The complexity of segregating instructions to the client browser from content being displayed makes for a fertile attack surface. XSS is a vulnerability that allows an attacker to exploit this confusion, escape the bounds of delineation (much like in SQL Injection attacks) and hijack either data or instructions given to the browser. This enables arbitrary script injection into a web page.
In order to carry out an exploit attackers craft malicious pieces of user supplied data to inject attack code. This injection can take two main forms: a transient attack where the malicious content is carried within the request (such as within a link), called reflected XSS, and persistent XSS where malicious data is injected into an applications permanent data store (such as a back end database). Whenever an application displays user supplied input, of any form, from web form post data to url data to previously supplied data like profile information, or even the filenames of uploaded pictures, the potential for XSS attack exists.
Several functions exist that can help to sanitize data before display on a page. The choice of function appropriate for a specific situation is somewhat dependent on the nature of the data and the intent of the display. Data intended to be included in an HTML tag's attribute will need to be formatted in a different way than text designed to be displayed on a web page. Data that is nested inside other formatting or scripting elements can be particularly difficult to sanitize.
In general, the approach or white listing known good output is safest. There are a broad range of XSS safety functions native to PHP that range in terms of effectiveness. When possible use the most comprehensive data sanitizing function whenever possible. Only in cases where rules for display of certain data necessitate that scrubbing be relaxed to allow certain characters or element should the less effective functions be used.
The htmlentities function (http://us2.php.net/manual/en/function.htmlentities.php) trakes, as its first argument a string, and returns the string with every character having an HTML entity replaced by that entity. This means that every 'less than' symbol will be replaced by '<'. This method is extremely effective in preventing XSS since it translates every delimiting character, from quotes to greater than symbols, and turns them into HTML for display. This makes escaping from defined data boundaries nearly impossible. The problem with htmlentities is that it can lead to fairly messy data display since any HTML included will be rendered, rather than hidden. Thus paragraph, anchor, and other tags will show up as text.
The Perl regular expression replacement function (http://us2.php.net/manual/en/function.preg-replace.php) is useful for custom data cleaning situations. Regular expressions can be written to remove control characters as needed to prevent XSS attacks. Use of this function grants an extremely fine gain of control but can also lead to errors of oversight.

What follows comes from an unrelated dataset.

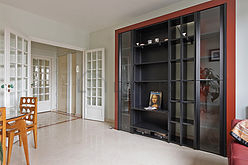 Appartement Paris 4° - Séjour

The urlencode function (http://us2.php.net/manual/en/function.urlencode.php) is also extremely useful in preventing XSS attacks, especially in places where links are to be displayed. The urlencode function will encode functions for browsers, for instance replacing spaces with %20. URL encoded strings will have all special and control characters translated, so effectively prevents XSS, but can make for messy display in cases where the output string is not utilized as a link.